- **YOUR OBJECTIVE**: Pictures aside, print all of the data below exactly as written.

- **ENTRIES SHOWN**:
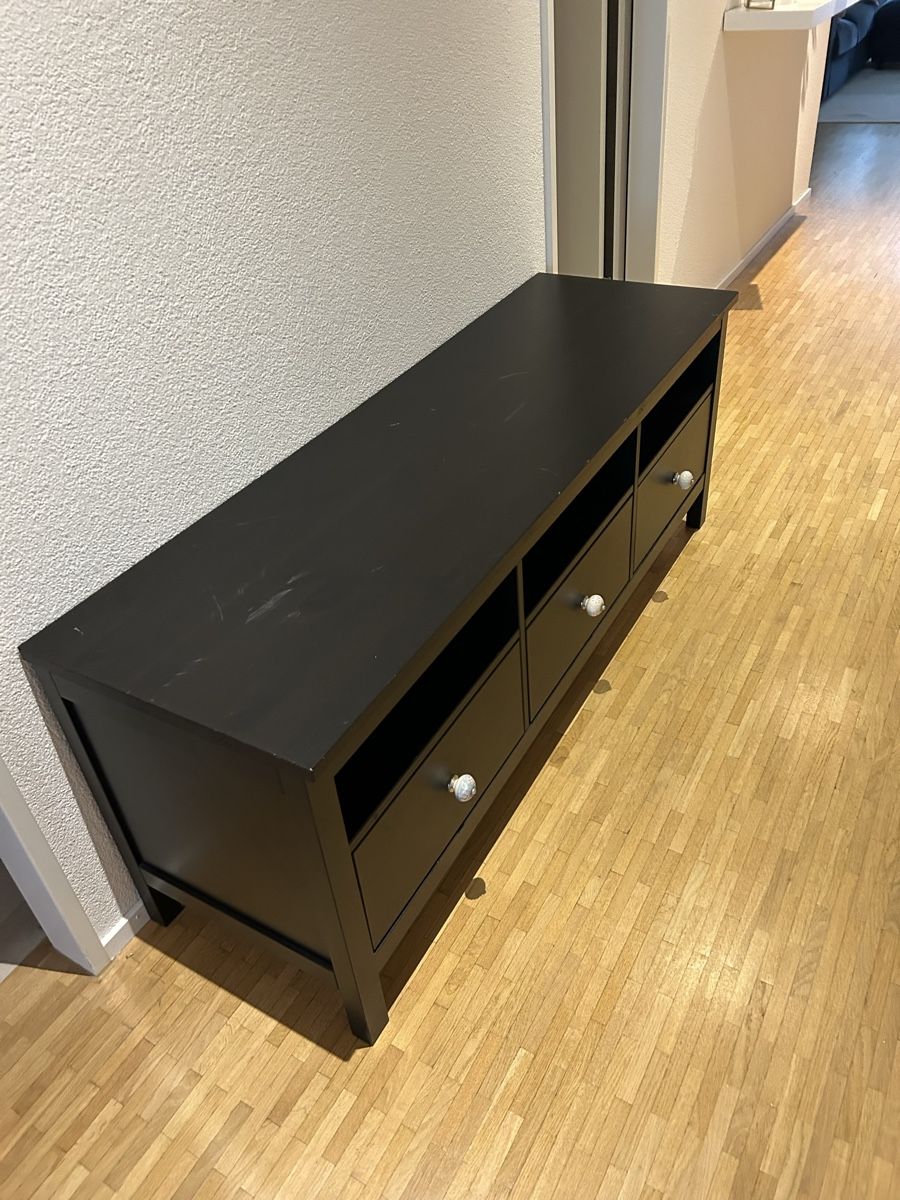 Ikea Credenze: Schwarzbraun Lowboard / Kommode – Usato da Zürich venduto da ari_2sp7 2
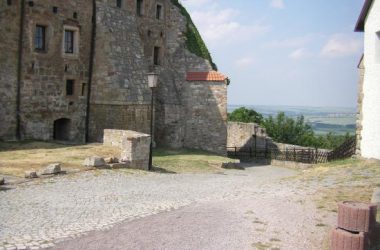 Free Wachsenburg Castle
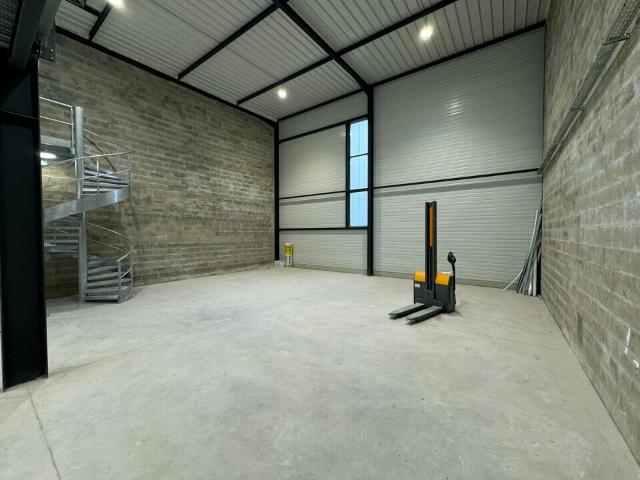 Location local d'activité Le Mesnil Amelot Proche Roissy CDG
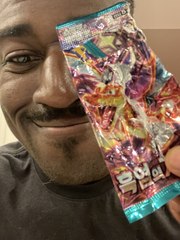 Découvrez le Booster Coréen Pokémon 😍 – Surprises et Cartes Rares à Gogo !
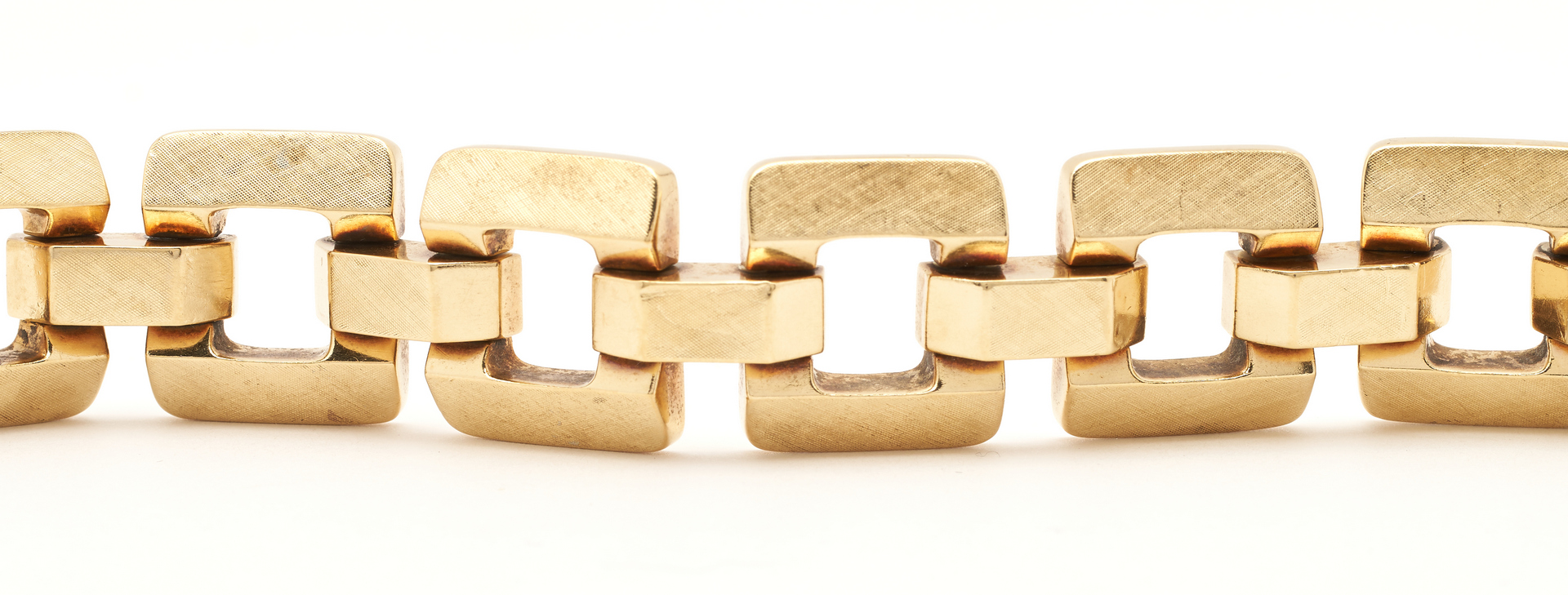 Lot 394: Ladies 14K Chain Gold Bracelet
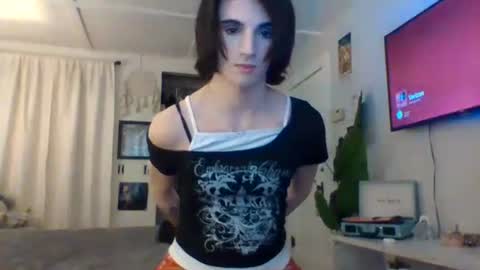 chanel2002 online show from 03.08.25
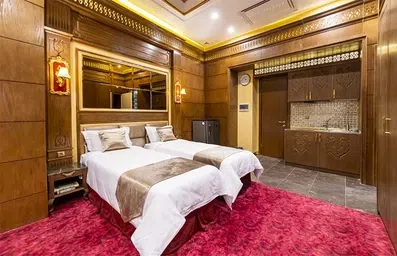 اتاق دو تخته با تخت های جدا و دیوارهای تمام چوب در هتل رز درویشی مشهد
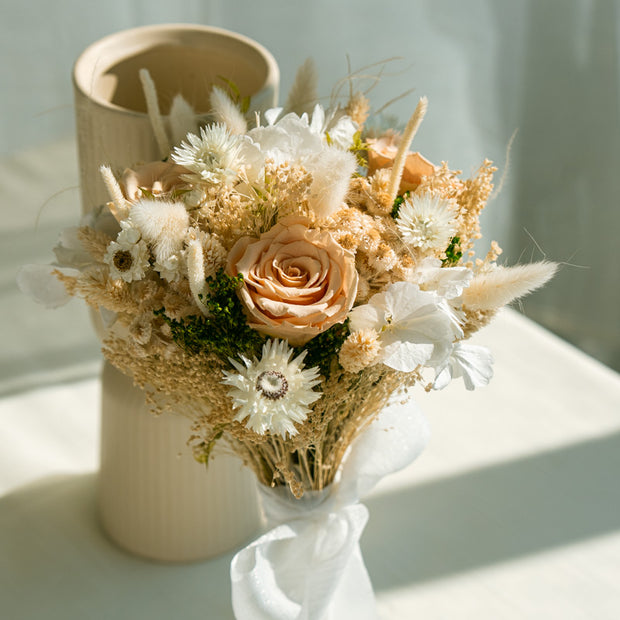 Bouquet di Fiori stabilizzati e Secchi in Toni Naturali | Eleganza Senza Tempo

- **TASK RESULT**:
 Ikea Credenze: Schwarzbraun Lowboard / Kommode – Usato da Zürich venduto da ari_2sp7 2
 Free Wachsenburg Castle
 Location local d'activité Le Mesnil Amelot Proche Roissy CDG
 Découvrez le Booster Coréen Pokémon 😍 – Surprises et Cartes Rares à Gogo !
 Lot 394: Ladies 14K Chain Gold Bracelet
 chanel2002 online show from 03.08.25
 اتاق دو تخته با تخت های جدا و دیوارهای تمام چوب در هتل رز درویشی مشهد
 Bouquet di Fiori stabilizzati e Secchi in Toni Naturali | Eleganza Senza Tempo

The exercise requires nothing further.